◆ MATERIALS PROVIDED
====

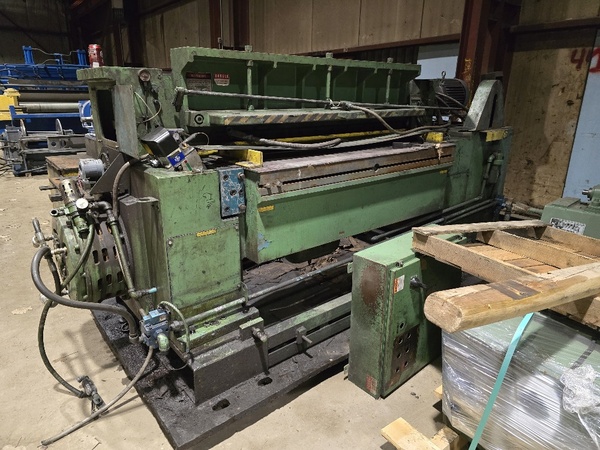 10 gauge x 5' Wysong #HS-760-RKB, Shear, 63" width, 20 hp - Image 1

====

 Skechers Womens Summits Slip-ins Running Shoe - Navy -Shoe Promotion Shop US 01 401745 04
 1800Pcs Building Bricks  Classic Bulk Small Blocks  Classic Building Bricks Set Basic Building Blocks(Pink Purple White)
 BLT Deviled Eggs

====

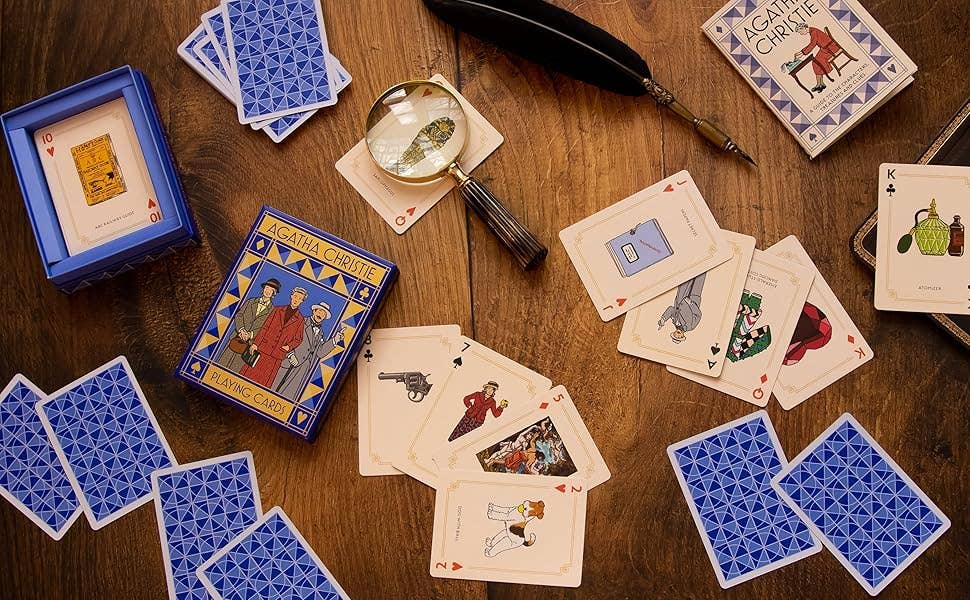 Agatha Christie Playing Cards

====

◆ THE TASK
Only the lines above starting at the line that holds "Skechers Womens Summits" and ending at the line that holds "BLT Deviled Eggs" are to be repeated, exactly and in full.

◆ SOLUTION FOR THIS TASK
 Skechers Womens Summits Slip-ins Running Shoe - Navy -Shoe Promotion Shop US 01 401745 04
 1800Pcs Building Bricks  Classic Bulk Small Blocks  Classic Building Bricks Set Basic Building Blocks(Pink Purple White)
 BLT Deviled Eggs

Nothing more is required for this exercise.